La Universidad de Santo Tomás de Manila, regida por los dominicos, estaba en todo su esplendor. En ella concluyó sus estudios al mismo tiempo que impartía clases de humanidades. El 20 de septiembre de 1789 recibió la ordenación sacerdotal e inmediatamente fue destinado a las Misiones de Tonkín (hoy al norte de Vietnam). Llegó el 28 de octubre de 1790 junto con san Clemente Ignacio Delgado y otros dos padres dominicos. Uno de sus primeros cargos en la misión fue el de rector del seminario para sacerdotes indígenas establecido en Tién-Chu, cargo en el que permaneció hasta 1798 en que fue nombrado vicario-provincial por el Capítulo de la Orden.
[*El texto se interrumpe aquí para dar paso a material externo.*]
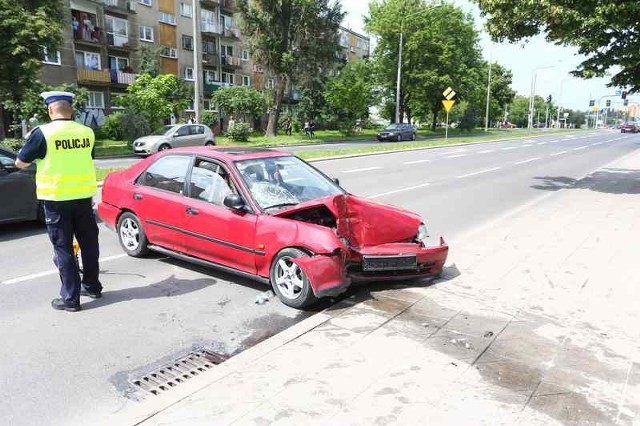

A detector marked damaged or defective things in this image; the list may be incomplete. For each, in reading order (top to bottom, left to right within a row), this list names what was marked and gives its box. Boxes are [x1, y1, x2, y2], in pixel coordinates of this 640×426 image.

damaged red car [99, 146, 450, 306]
crumpled hood [274, 193, 420, 246]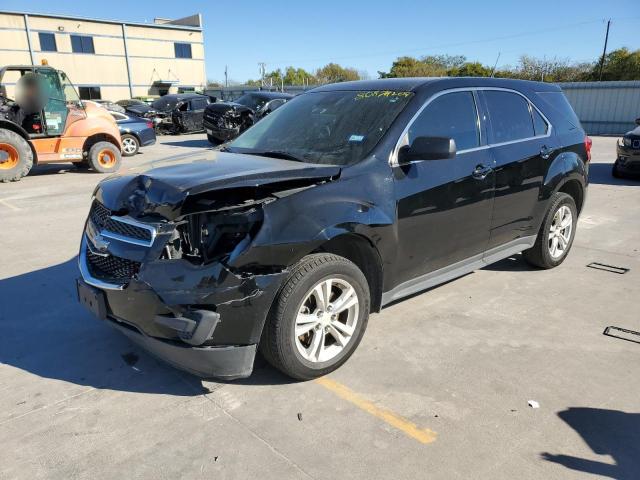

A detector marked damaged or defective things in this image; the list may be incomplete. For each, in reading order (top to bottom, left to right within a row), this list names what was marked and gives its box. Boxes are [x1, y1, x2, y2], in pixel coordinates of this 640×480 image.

damaged front end [78, 154, 340, 378]
crumpled hood [94, 151, 340, 220]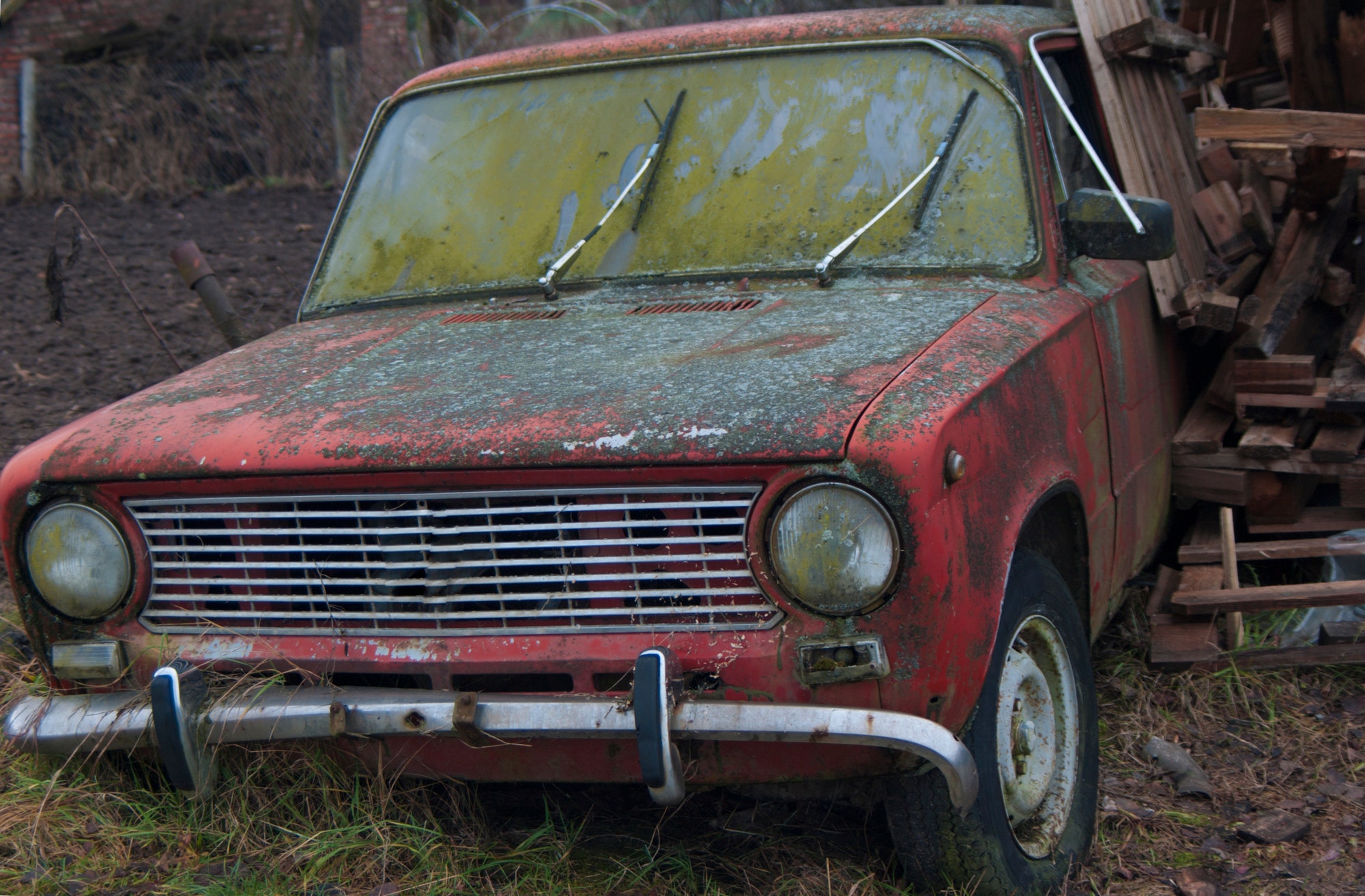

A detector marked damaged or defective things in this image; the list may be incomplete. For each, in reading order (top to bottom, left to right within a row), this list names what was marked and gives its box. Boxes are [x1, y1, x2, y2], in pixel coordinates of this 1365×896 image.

broken wood piece [1097, 16, 1228, 61]
broken wood piece [1190, 109, 1365, 150]
broken wood piece [1201, 139, 1245, 186]
broken wood piece [1190, 179, 1250, 261]
rusty pipe [170, 240, 248, 348]
broken wood piece [1201, 292, 1245, 330]
broken wood piece [1223, 251, 1261, 298]
broken wood piece [1168, 393, 1234, 456]
broken wood piece [1239, 423, 1299, 459]
broken wood piece [1305, 420, 1360, 459]
broken wood piece [1174, 464, 1250, 508]
broken wood piece [1223, 508, 1245, 647]
broken wood piece [1168, 576, 1365, 611]
broken wood piece [1239, 808, 1310, 841]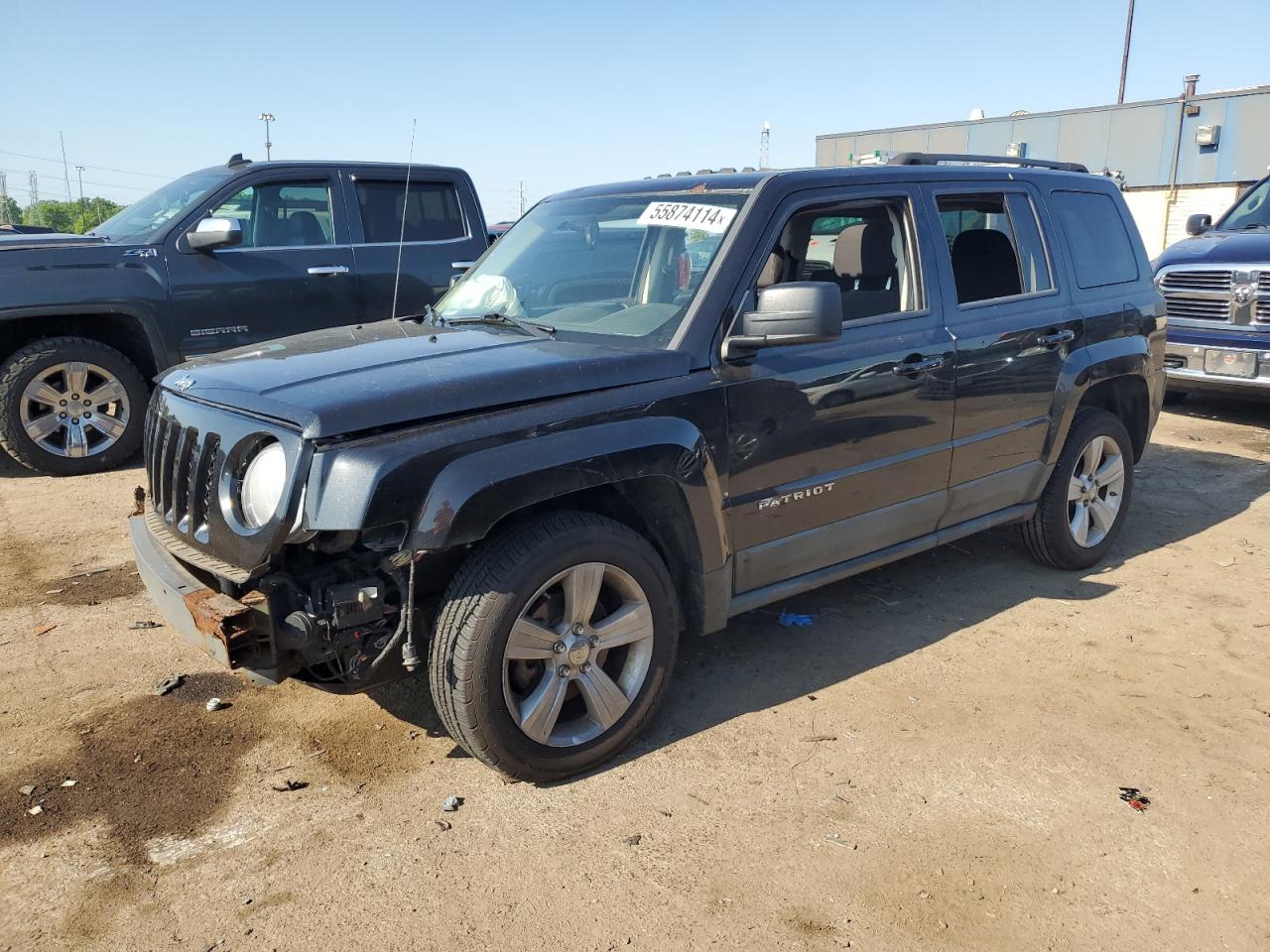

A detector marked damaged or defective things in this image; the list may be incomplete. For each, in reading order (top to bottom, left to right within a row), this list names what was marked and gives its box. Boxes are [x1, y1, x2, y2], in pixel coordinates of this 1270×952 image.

damaged front bumper [128, 515, 286, 685]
Al fallecer el vicario apostólico Fr. Feliciano Alonso, le sucedió San Clemente Ignacio, que ya era su obispo-coadjutor con derecho de sucesión. Inmediatamente designó a Fr. Domingo para vicario general. Los tiempos eran difíciles y cargados de malos presagios. San Clemente Ignacio procuró inmediatamente contar con su propio obispo coadjutor: el 9 de septiembre de 1800 obtenía del papa Pío VII para nuestro santo Domingo Henares el nombramiento con el título episcopal de Fez. La ordenación episcopal se retardó hasta el 9 de enero de 1803; tuvo lugar en Phunhay.
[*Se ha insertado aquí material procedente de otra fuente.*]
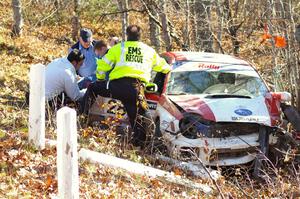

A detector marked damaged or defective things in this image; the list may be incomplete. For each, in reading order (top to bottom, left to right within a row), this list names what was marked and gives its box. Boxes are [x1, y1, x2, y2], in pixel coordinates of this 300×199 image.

crashed white rally car [89, 51, 290, 166]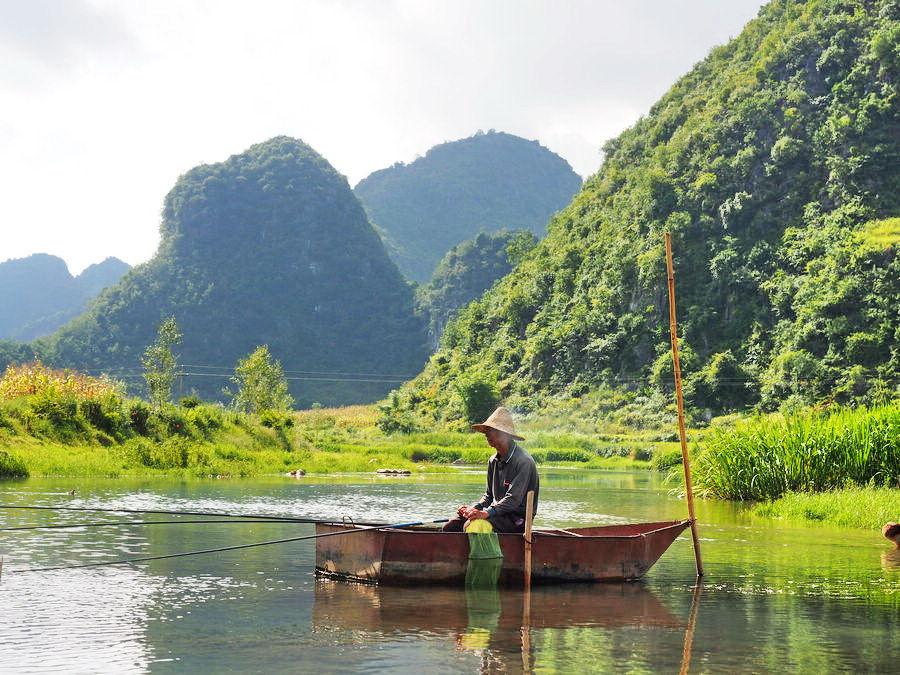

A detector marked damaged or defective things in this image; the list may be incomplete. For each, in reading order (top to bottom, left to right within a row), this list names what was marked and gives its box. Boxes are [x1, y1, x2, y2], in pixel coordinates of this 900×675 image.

rusty metal boat hull [314, 520, 688, 584]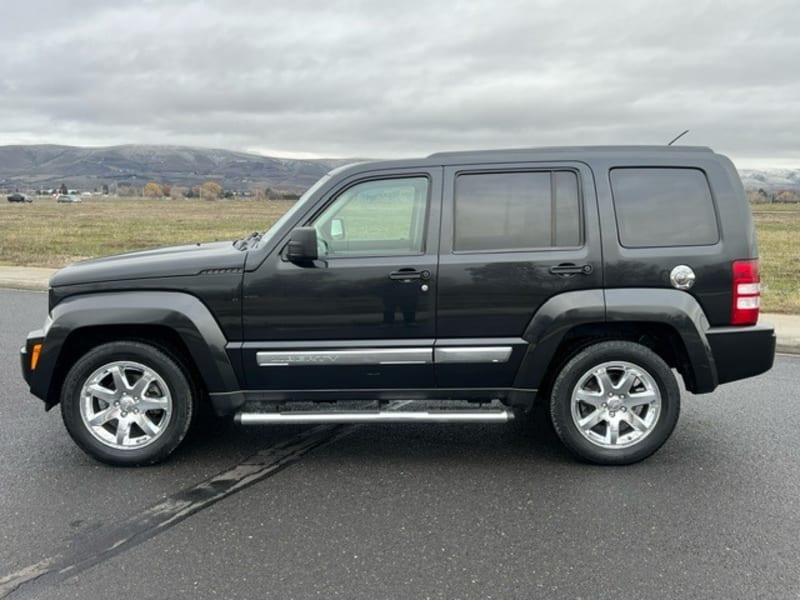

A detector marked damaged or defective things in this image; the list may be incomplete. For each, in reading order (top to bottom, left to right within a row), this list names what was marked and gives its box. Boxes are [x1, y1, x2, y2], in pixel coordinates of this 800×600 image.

crack in pavement [0, 424, 354, 596]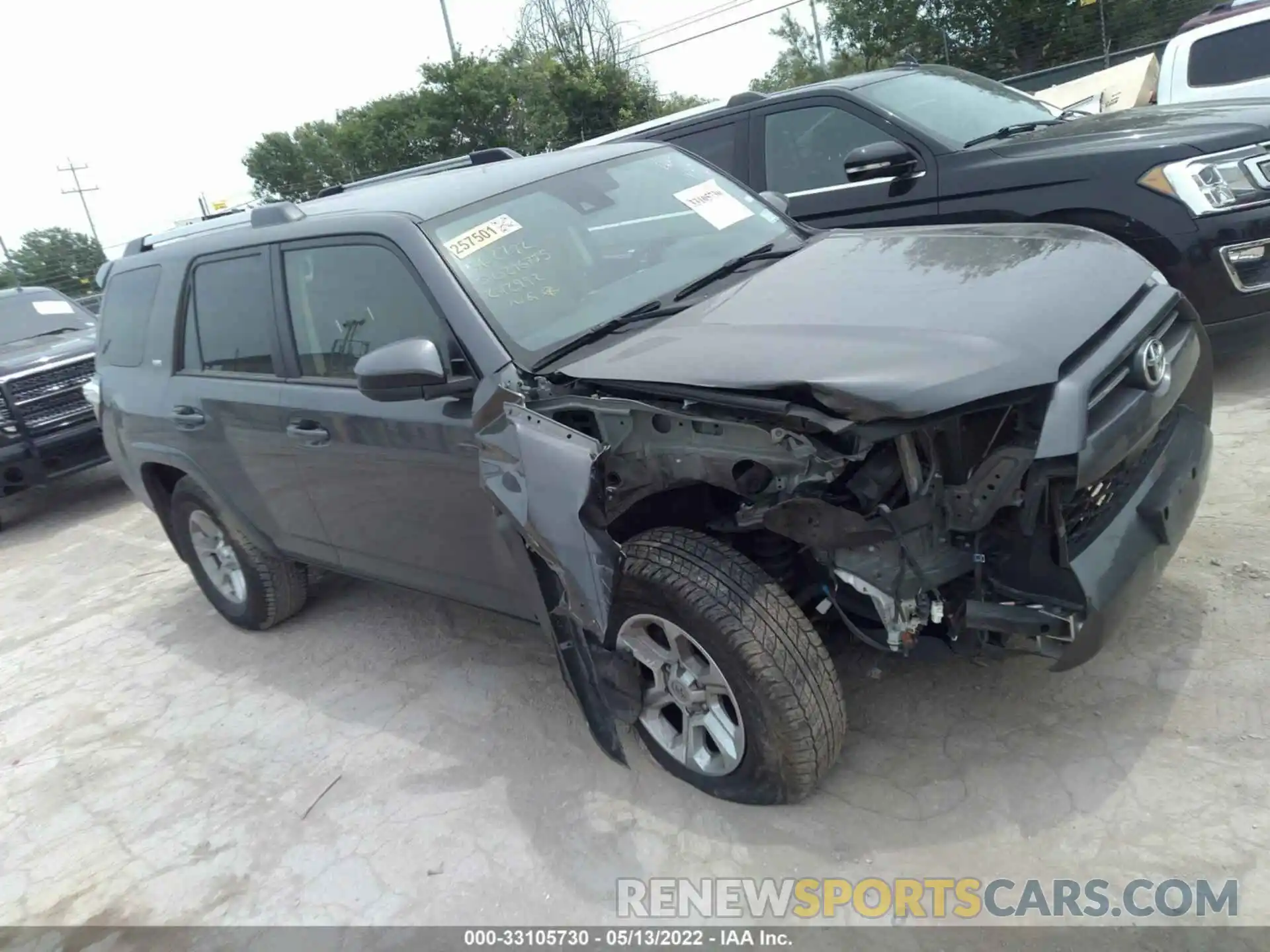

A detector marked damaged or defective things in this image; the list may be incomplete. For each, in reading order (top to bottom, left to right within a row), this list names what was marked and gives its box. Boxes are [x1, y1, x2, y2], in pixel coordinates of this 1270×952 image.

Con sólo cuatro años de diferencia de edad, la labor pastoral de ambos santos transcurre en colaboración íntima hasta la muerte. Vidas largas de casi cincuenta años de apostolado misionero, convirtiendo a muchos paganos, erigiendo parroquias, formando y ordenando a numerosos sacerdotes indígenas, siempre escapando de perseguidores y delatores, en clima de evidente hostilidad. Causó admiración la rapidez con la que aprendió la lengua de los nativos y, más aún, su afabilidad no sólo con los conversos sino incluso con los mandarines, que con harto pesar se veían obligados a proceder contra él.

Tratándose de un mártir, lo que más importó para los procesos de su beatificación y canonización fue documentar debidamente los datos de su persecución y muerte. Cuando el sanguinario rey de Tonkín, Minh-Manh, inició la persecución contra los cristianos, decidió, ante todo, acabar con los misioneros fijándose directamente en los pastores más sobresalientes de la grey: Delgado, Henares, Hermosilla, Ximeno... Nuestro Santo Domingo Henares, ya rebasados los setenta años, anduvo errante, huyendo de aquí para allá de los soldados que le buscaban por los diversos poblados. El 9 de junio de 1838 creyó ponerse a salvo con el fiel catequista Francisco Chieu en una pobre embarcación, pero los vientos fueron contrarios y tuvieron que volver a tierra. Hallaron refugio en la casita del pescador cristiano Nghiém. Pronto se enteró el prefecto del poblado Bat-Phang. Se puso en contacto con él, fingiéndose su amigo, e inmediatamente lo traicionó. Los mandarines lo arrestaron junto con los mencionados Chieu y Nghiém.

Todo sucedió con rapidez. El 11 de junio fue conducido a Nam Dinh junto con sus dos compañeros. A él, seguramente por la debilidad de la vejez, lo conducían encerrado en una jaula, seguido de sus compañeros que iban a pie cargados de cadenas. Nada más llegar fue condenado a muerte. Lo decapitaron el día 25 del mismo mes de junio, junto a Francisco Chieu. San Jerónimo Hermosilla, decapitado veintitrés años después, dejó escrito el siguiente elogio de santo Domingo Henares: «Pureza extrema de vida, celo insaciable por la salvación de las almas, sed ardiente del martirio, evangélicamente pobre para sí mismo y prodigiosamente generoso con los necesitados».

Resumido de un artículo de José María Díaz Fernández.